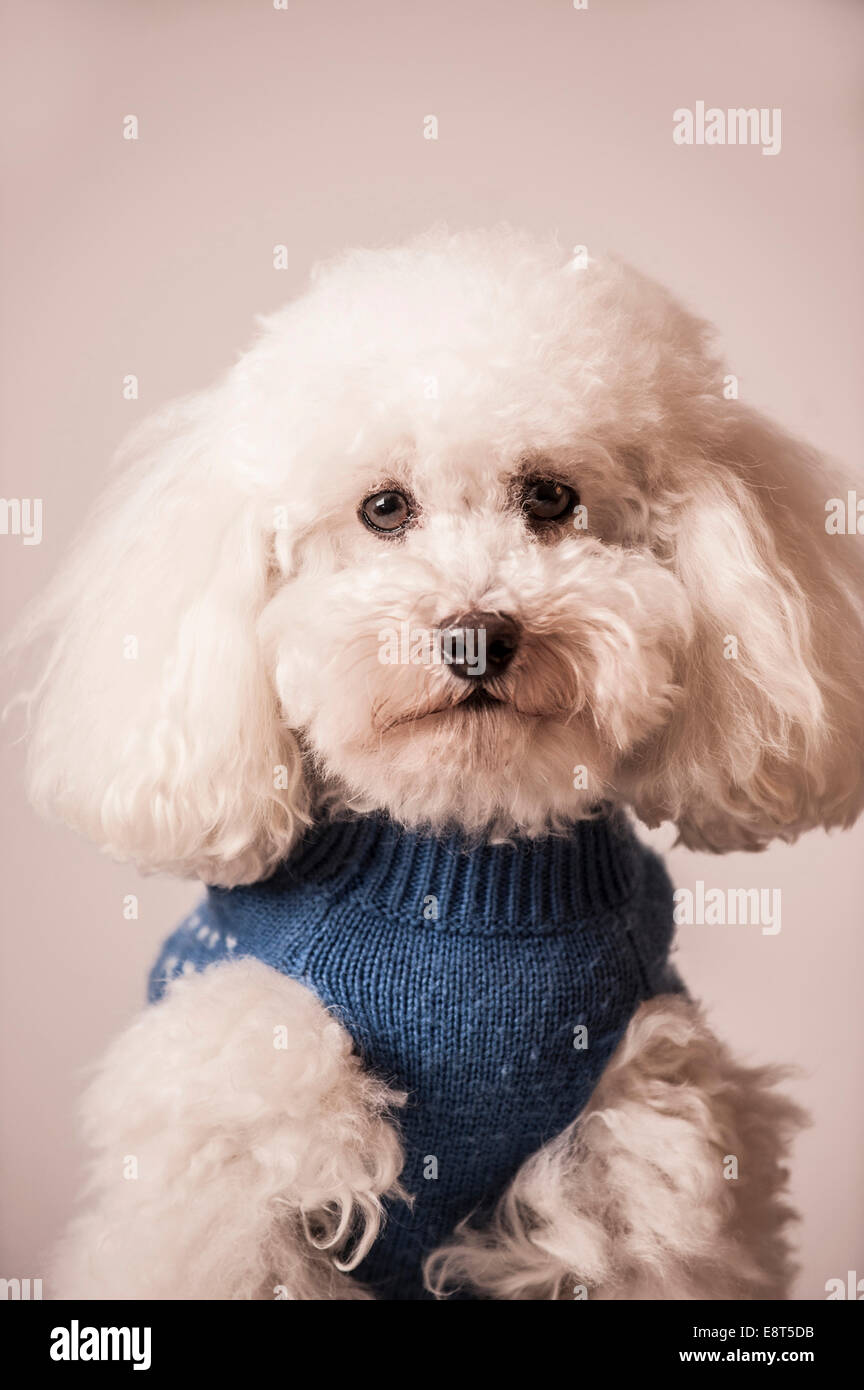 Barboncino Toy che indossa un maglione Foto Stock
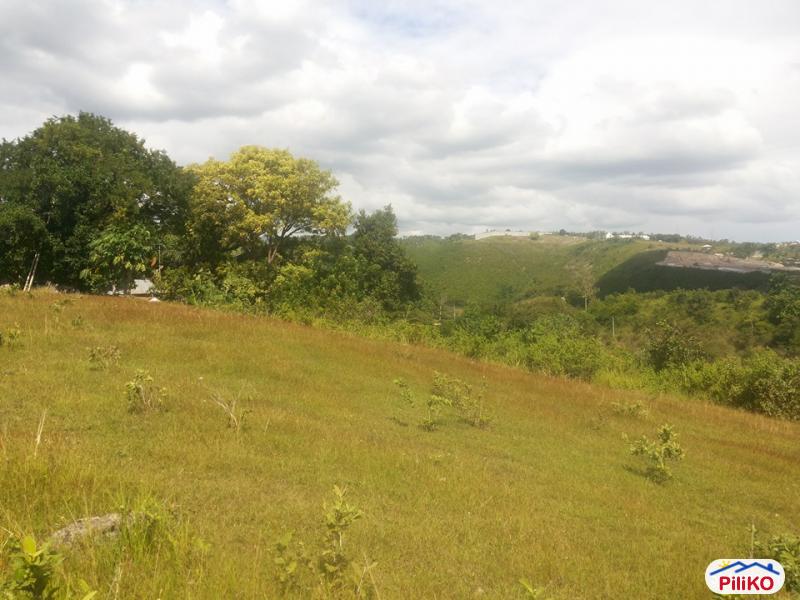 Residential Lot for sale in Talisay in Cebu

--

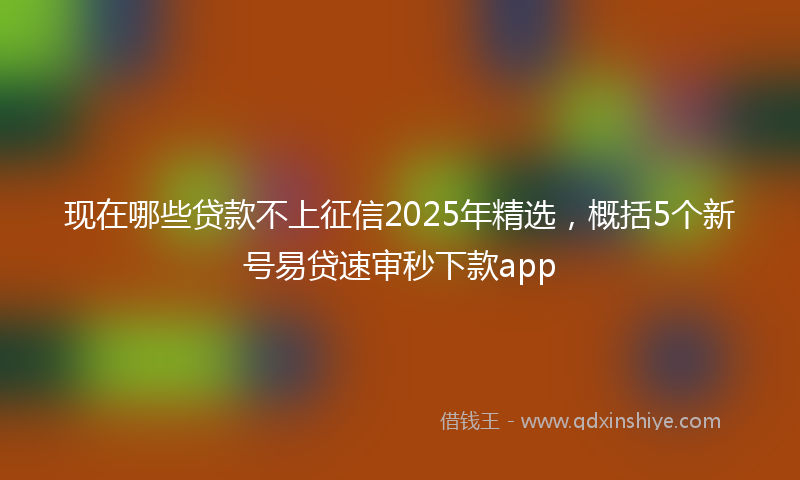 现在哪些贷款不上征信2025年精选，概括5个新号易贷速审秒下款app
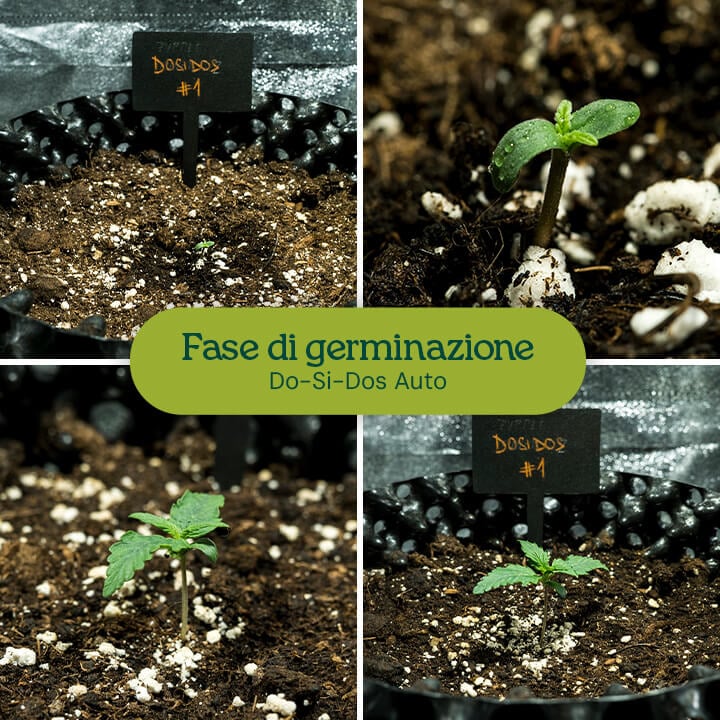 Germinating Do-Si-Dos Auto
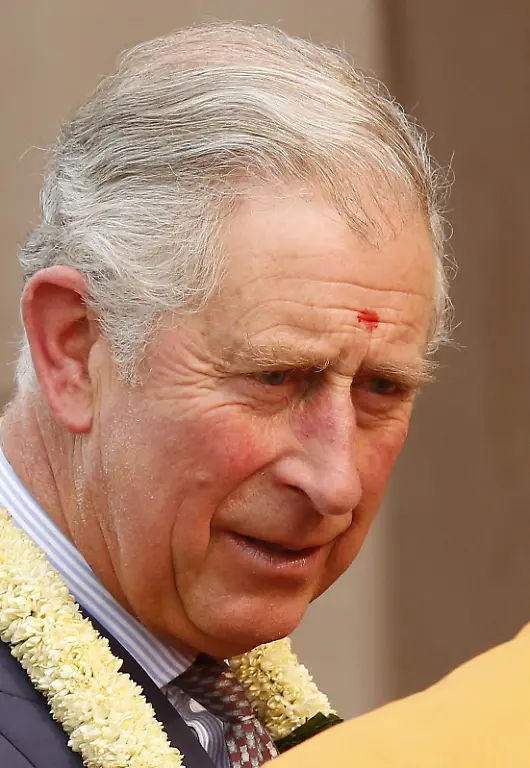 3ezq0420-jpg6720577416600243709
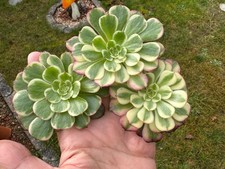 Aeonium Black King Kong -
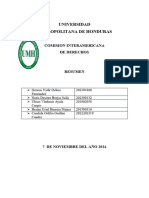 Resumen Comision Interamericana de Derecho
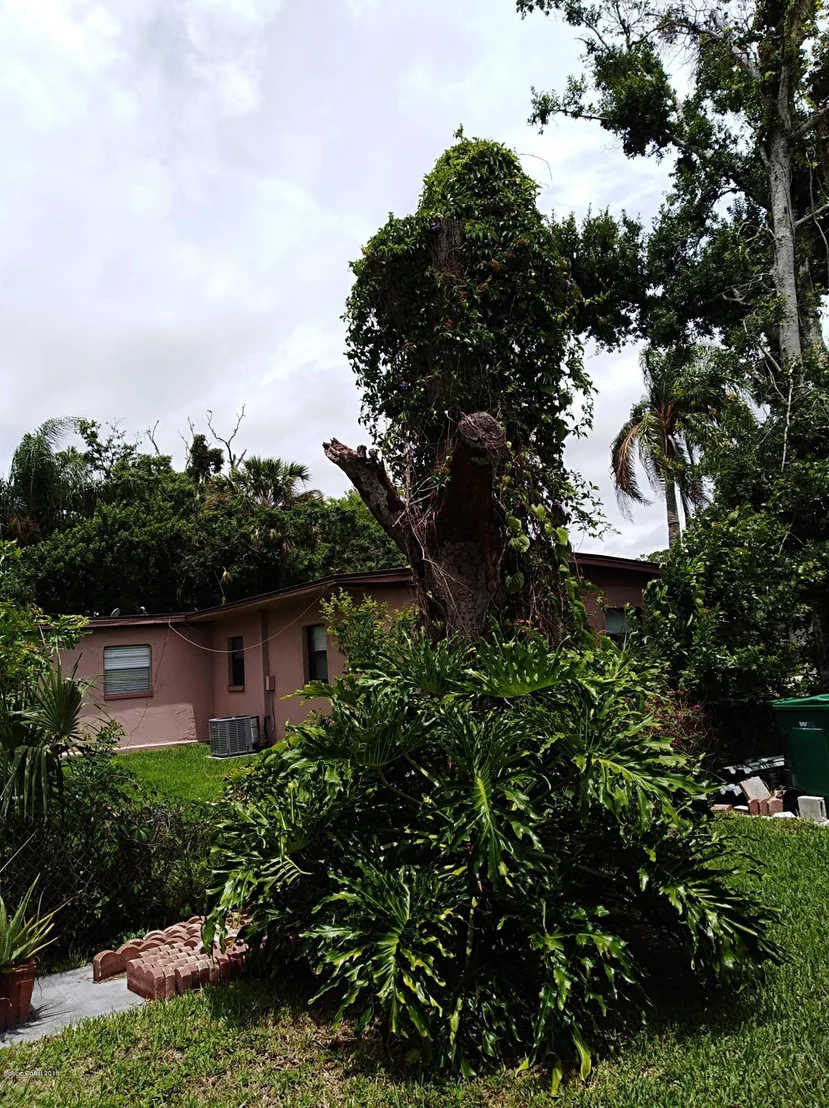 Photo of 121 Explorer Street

◆ PROMPT: Copy exactly the material above from the line with "Barboncino Toy che" to the line with "Residential Lot for sale in Talisay in Cebu", ends included, and nothing else. Leave out any picture.

◆ SOLVED EXERCISE:
 Barboncino Toy che indossa un maglione Foto Stock
 Residential Lot for sale in Talisay in Cebu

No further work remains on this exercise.